Posted to user@cassandra.apache.org by Bill Hastings <bl...@gmail.com> on 2009/12/06 03:41:19 UTC

Cassandra vs HBase

We are seriously evaluating both Cassandra and HBase in our organization. We
are very pleased with the performance and ease of use of Cassandra and will
start the same exercise with HBase soon. However some people in the
organization feel that HBase has a larger comunity adoption. I understand
that Cassandra has been deployed within Facebook and is also at Digg and
Rackspace. I also went through the survey that Jonathan had conducted a few
weeks back.

I am interested in hearing from those of you if there are any who have
ditched HBase for Cassandra. If so why?
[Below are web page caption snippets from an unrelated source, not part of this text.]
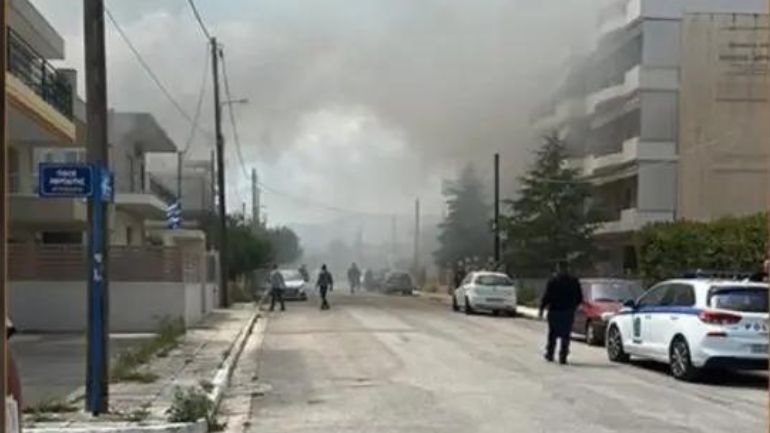 Φωτιά σε οικία στη Μαγούλα Αττικής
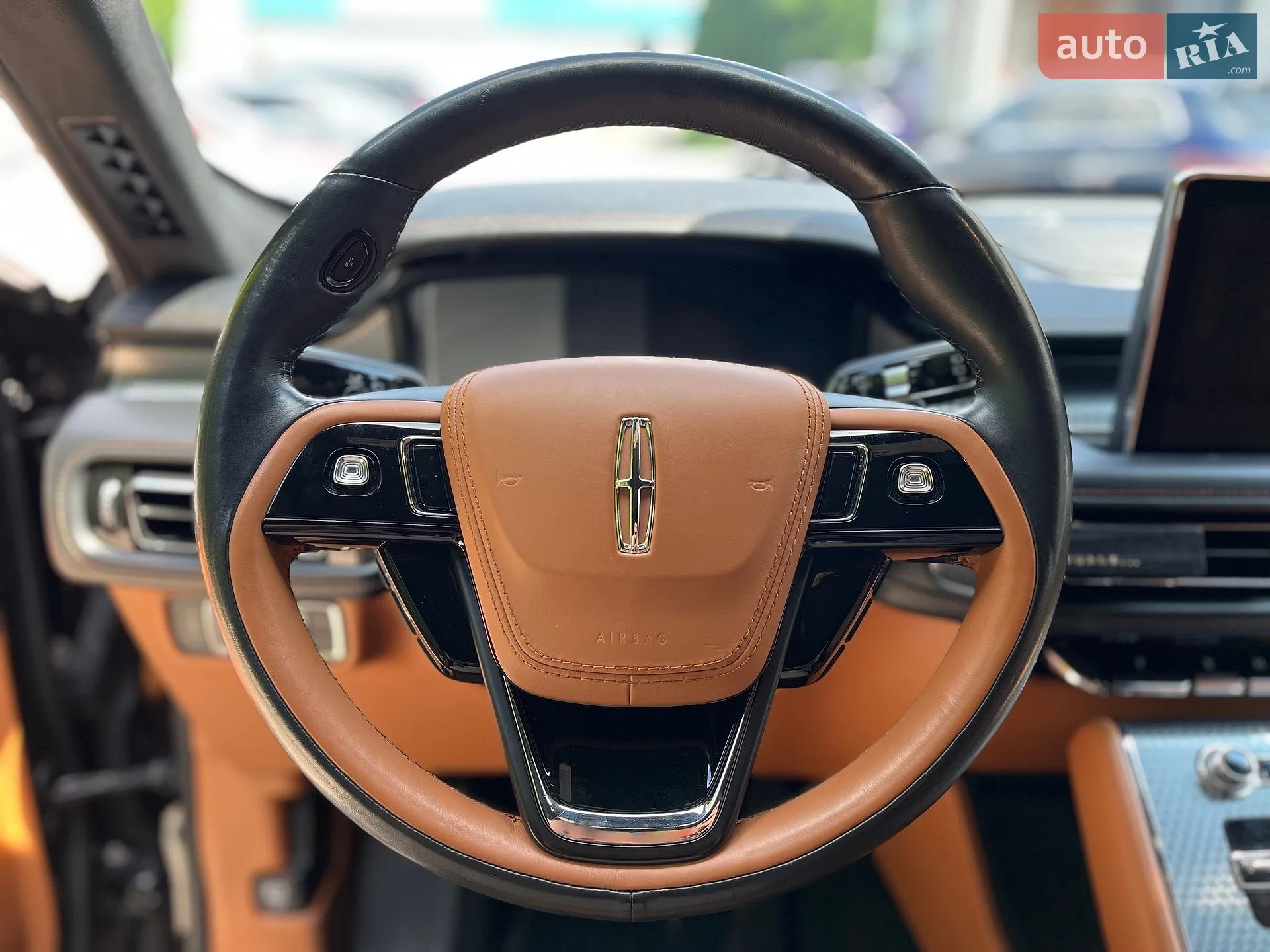 2022 Lincoln Aviator - мініатюра 15
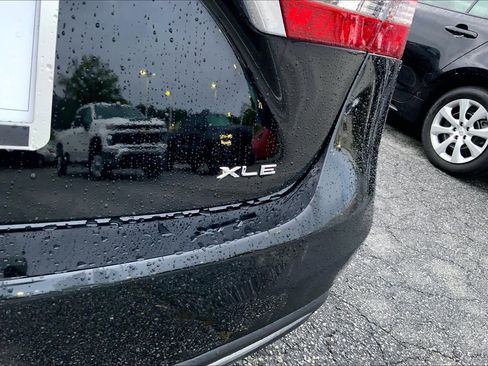 Used 2016 Toyota Avalon XLE FWD image 10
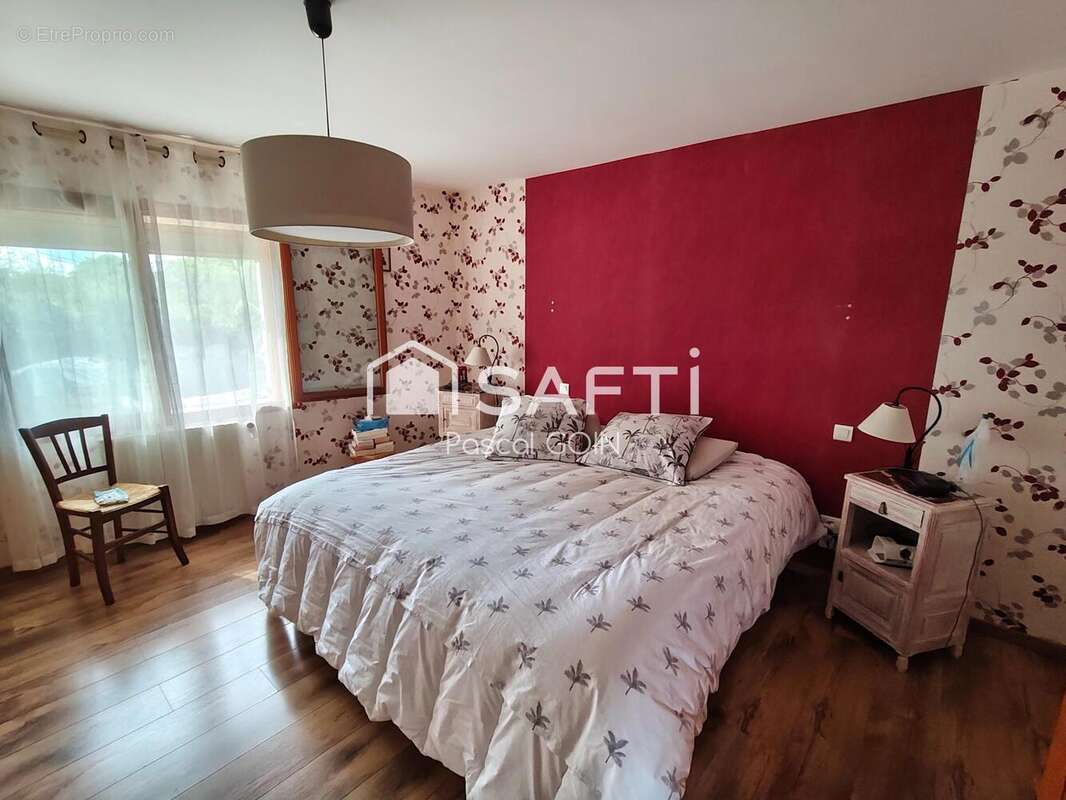 Photo 9 - Maison à SAINT-JEAN-DE-MARUEJOLS-ET-AVEJAN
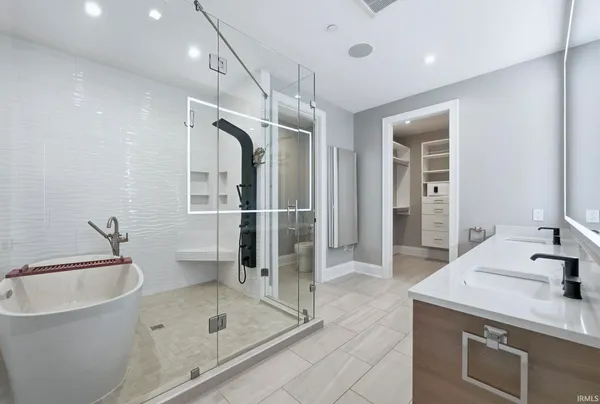 $899,000 | 202 West Berry Street, Unit 730, Fort Wayne, IN 46802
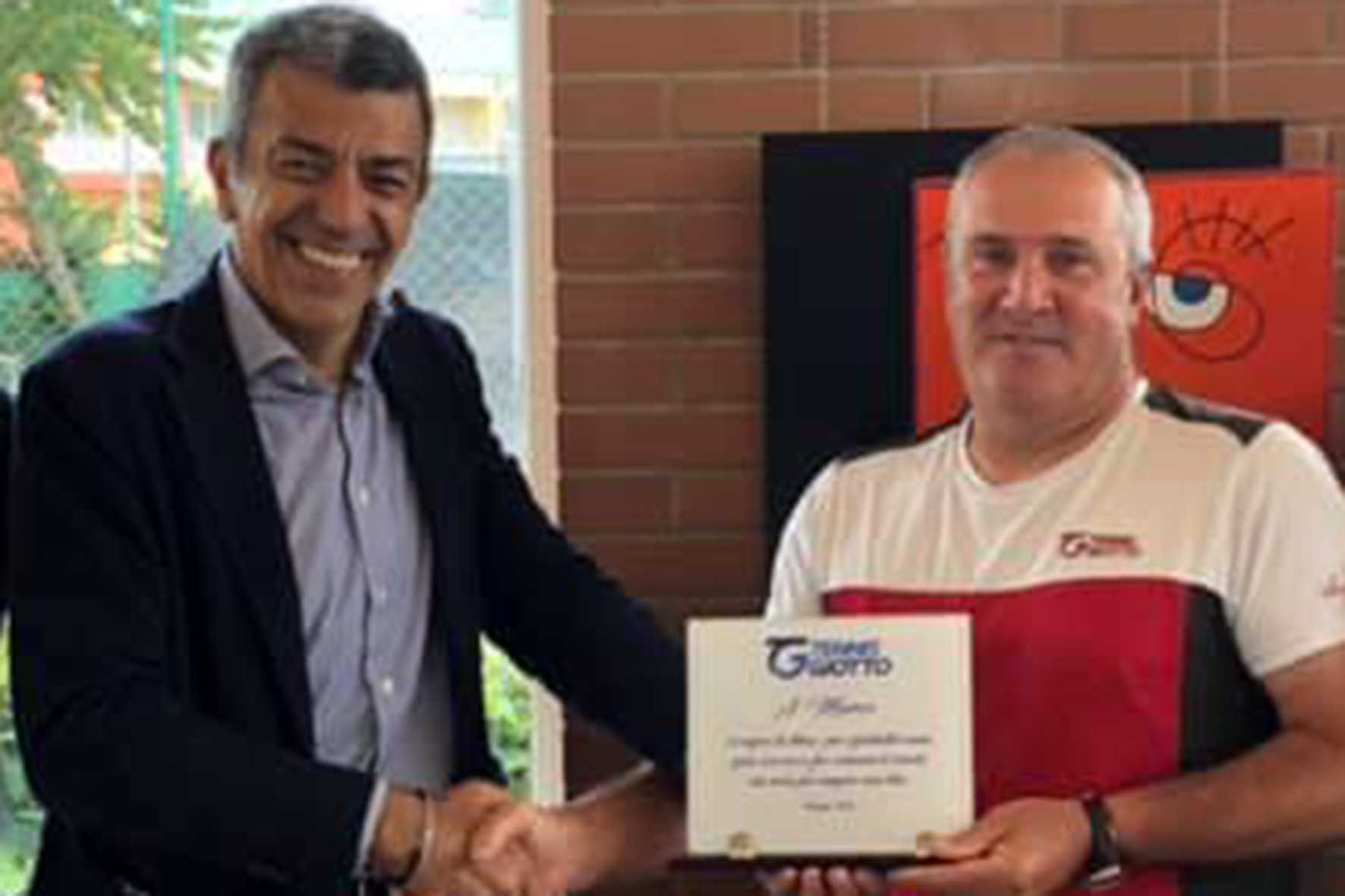 Il Tennis Giotto saluta il maestro Marco Gori. L’esperto tecnico, responsabile della Sat e protagonista della crescita di centinaia di atleti, ha ricevuto una targa dal presidente Benvenuti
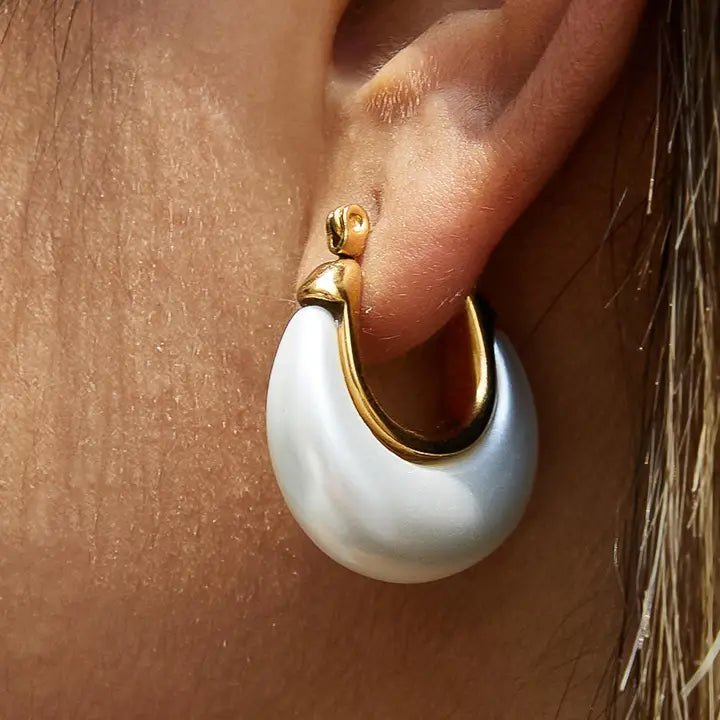 Roselle 18K Gold Non-Tarnish Teardrop Hoop Earrings In Pearl - Infinity Raine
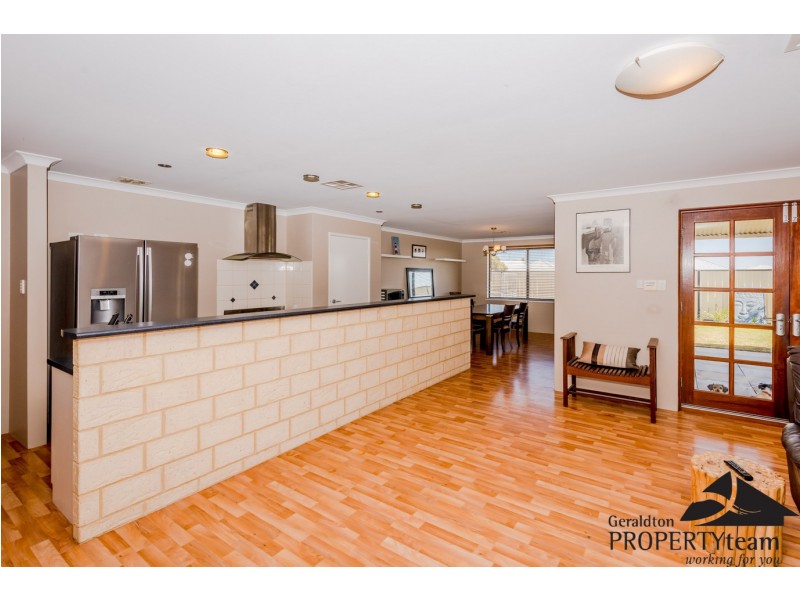 21 Yolanda Edge, Wandina WA 6530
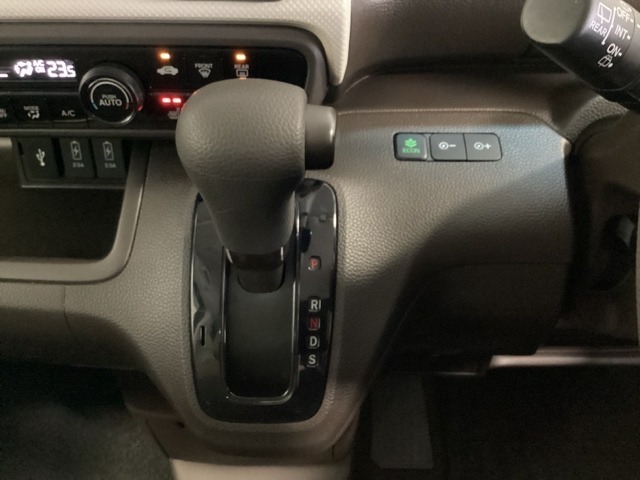 CVT車のセレクトレバーです。低速から高速まで、変速ショックのないスムーズな走りを実現するとともに、エンジン効率のよい領域を維持することで燃費にも貢献します。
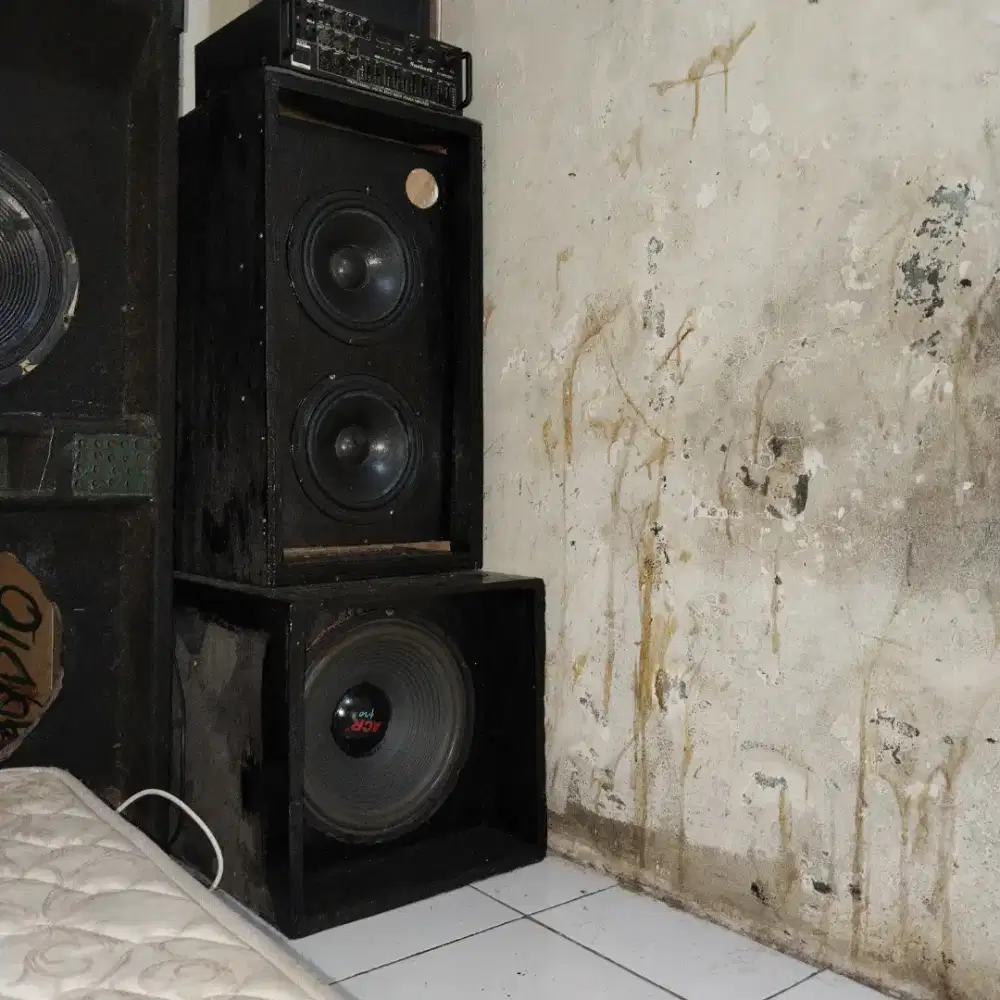 mesin musik power ampli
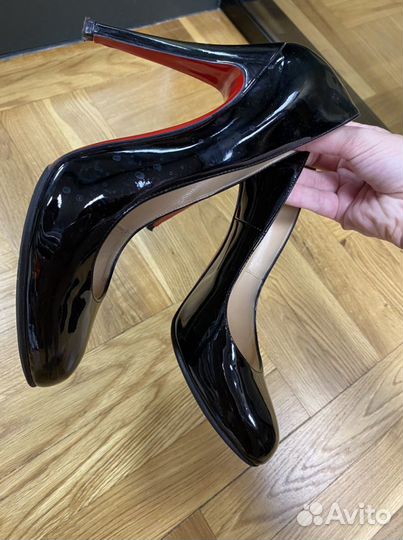 Туфли christian louboutin 39
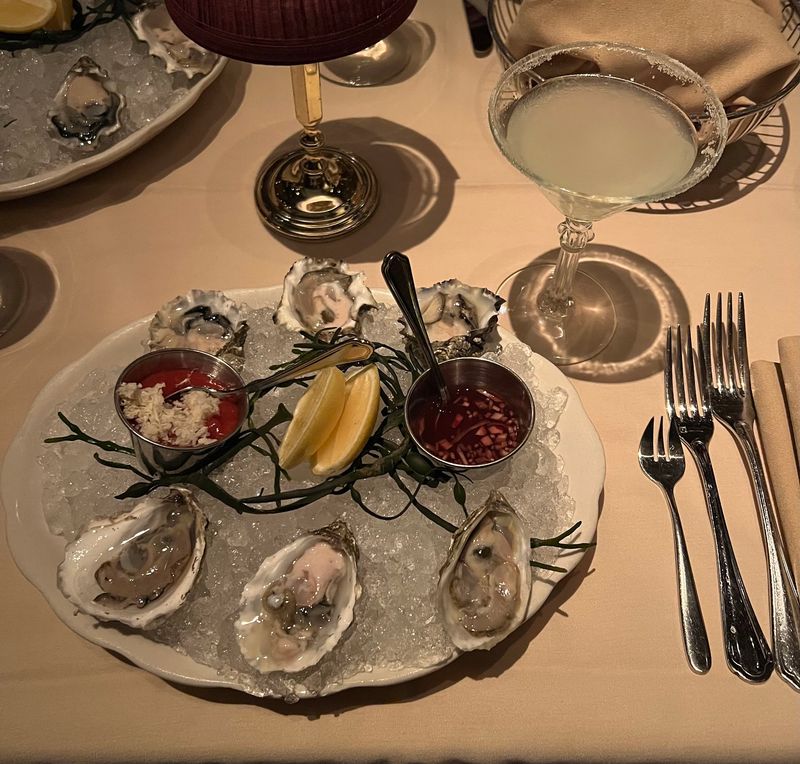 The Raw Bar That Rivals Any Coastal Seafood Spot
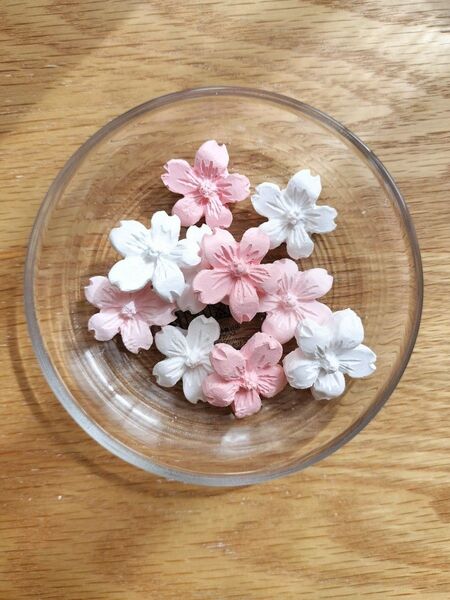 アロマストーン サクラの花 白5個・濃いピンク3個・薄いピンク2個 合計10個 お皿はつきません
Also, perhaps this is not a question
for this list, is HBase used for real timish applications and if so any
ideas what the largest deployment is. It would help me in swaying the folks
towards Cassandra. Any help would be appreciated.

Cheers
Bill

Re: Cassandra vs HBase

Posted by Jonathan Ellis <jb...@gmail.com>.
hop is to traditional hadoop what something like truviso is to
postgresql.  in other words, hop is still poorly suited for the sorts
of things people would use cassandra for.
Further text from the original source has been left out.